Dive Brief:
- The U.S. Department of Health and Human Services' Office of Inspector General has called out the FDA for having a food recall initiation process that is not "efficient and effective," per preliminary findings from the OIG's ongoing audit of the FDA's food recall program.
- The OIG said in its report that FDA's policies and procedures do not adequately ensure that responsible parties initiate recalls promptly after discovering food contaminations. This has resulted in contaminated products not being recalled for several weeks after FDA initially became aware of the potentially hazardous product.
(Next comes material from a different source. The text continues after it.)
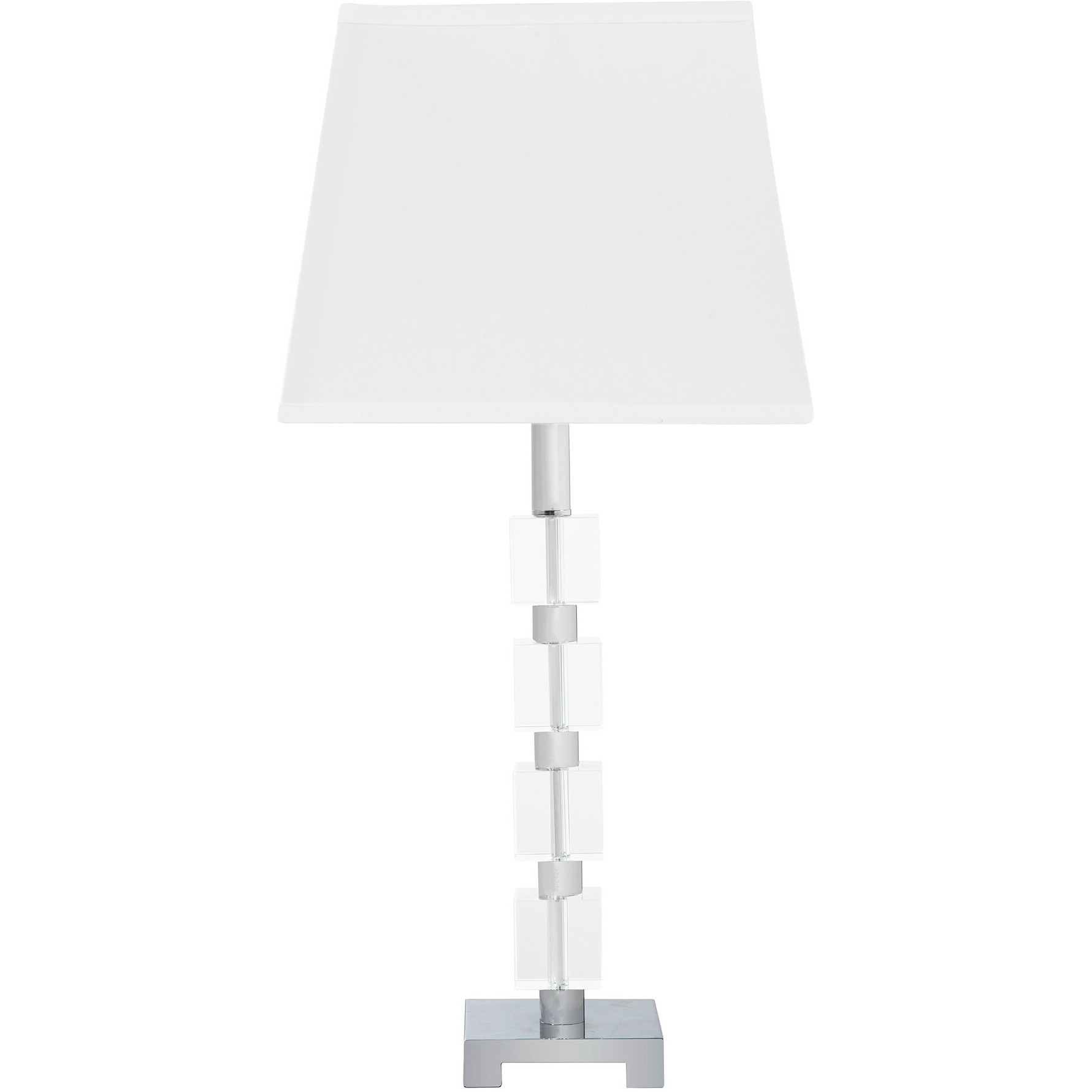25"" Crystal Geo Cubed Table Lamp With White Sharp Corner Square Tapered Shade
This endangers the public and "requires FDA’s immediate attention," the OIG said.
- In a blog post, the FDA acknowledged the OIG's concerns and confirmed that two particular instances in question were "unacceptable." But the agency also said that the OIG based its conclusions on a "judgment sample" selected based on their risk factor, which does not accurately reflect the outcomes of thousands of food recalls the FDA has overseen to protect the safety of the U.S. food supply.
Dive Insight:
The two "unacceptable" instances in question included salmonella-tainted nut butter that the FDA did not forcibly recall for 165 days following confirmation of the contamination, and 14 people had fallen ill, linked to consuming the product. The other instance involved contaminated cheese that the FDA did not recall for 81 days and which was linked to eight sickened people and the death of one baby.
The OIG also noted that these instances occurred despite the FDA having the power to institute a mandatory recall, per FSMA regulations passed in 2011, and technology that enables faster detection of pathogens, particularly whole genome sequencing. Both recalls happened in 2014 and were among the 30 recalls between 2012 and 2015 that OIG is currently investigating.
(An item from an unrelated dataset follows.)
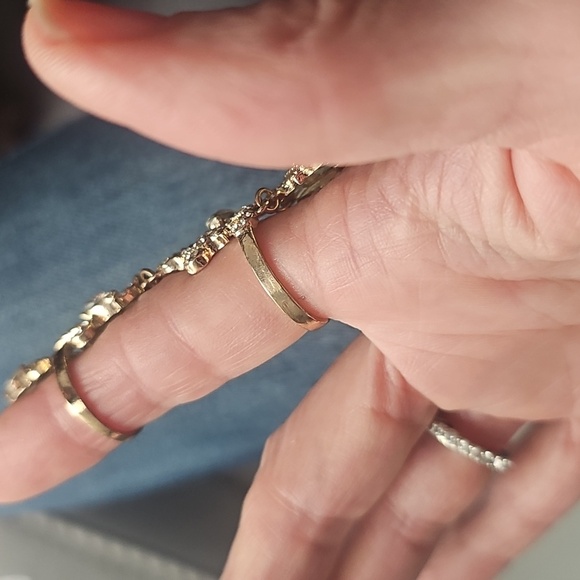 Vintage Gold & Swarovski Crystal Full Finger Ring - Picture 3 of 3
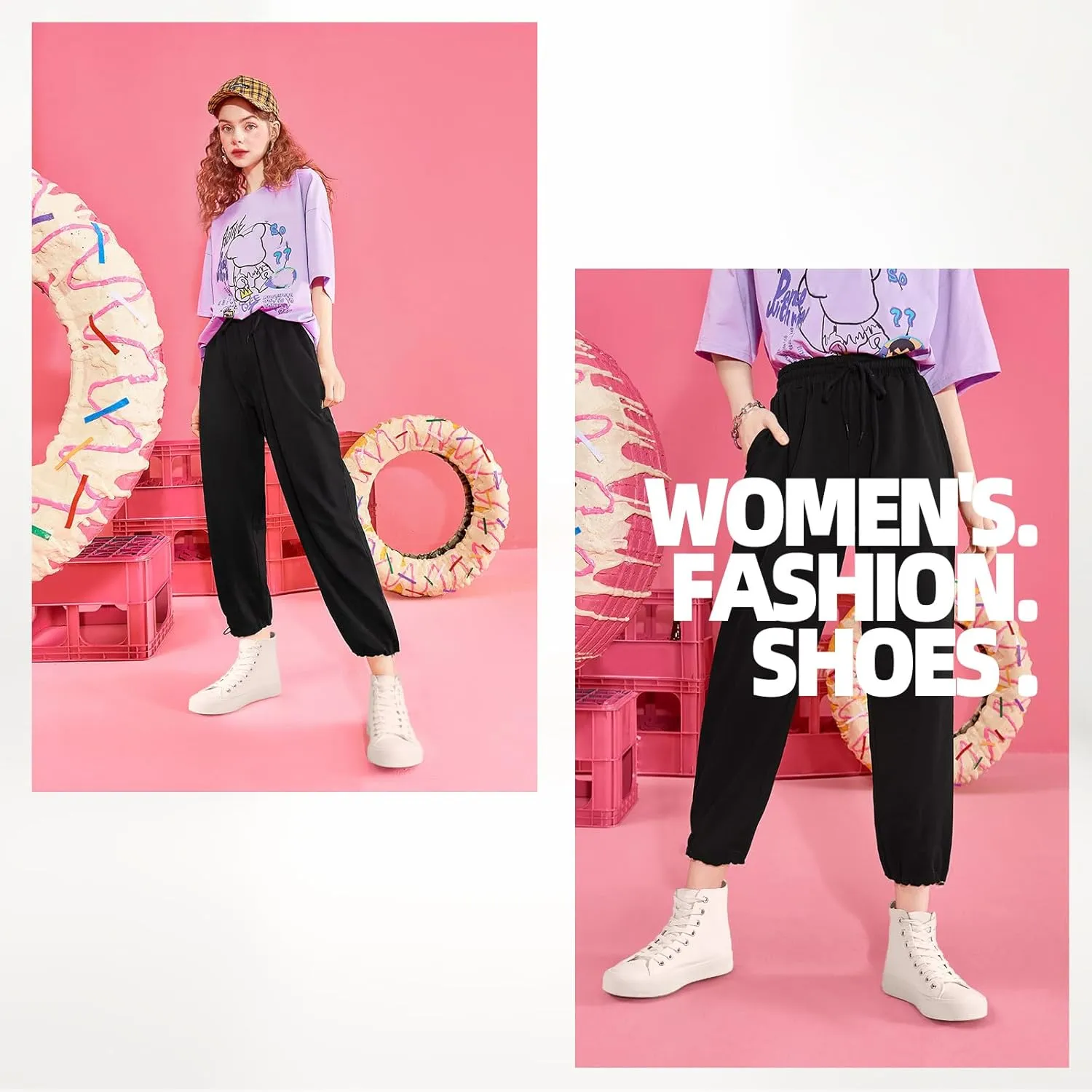 Womens Canvas Sneakers High Top Lace ups Casual Walking Shoes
These issues are ongoing. Last week, The Wall Street Journal uncovered reports that show a history of recurring problems at the CRF Frozen Foods facility in Pasco, WA, which has been linked to a massive recall that impacted dozens of brands, including many retailers' private labels. Last year, reports revealed that health officials discovered listeria contamination at one of Blue Bell's plants more than a month before the products were widely recalled.
In its blog post, the FDA announced a "new process" that aims to "streamline and strengthen decisions about compliance and enforcement actions." The Strategic Coordinated Outbreak Response and Evaluation (SCORE) team is comprised of key senior leaders from federal organizations advised by senior scientific, medical, communications, and policy experts. FDA says SCORE will bring "an integrated approach to identifying timely and efficient measures to help mitigate public health risks."
Because of the newness of SCORE, it's unclear what role the team will play in terms of interactions with manufacturers. But the FDA seems confident in its ability to improve upon recall protocols between its efforts to develop SCORE and the mandatory preventive controls requirements manufacturers must comply with per FSMA. Those requirements include developing and documenting a recall plan and identifying and solving any food safety risks that could lead to a recall.
Manufacturers are working toward FSMA preventive controls compliance in varying capacities, as certain manufacturers require more changes and additional documentation than others. Many companies must be compliant by September, though "very small businesses" have more time, per recently released draft guidance. Depending on the survey, manufacturers' belief in their FSMA preparedness ranges from 61% to 25%.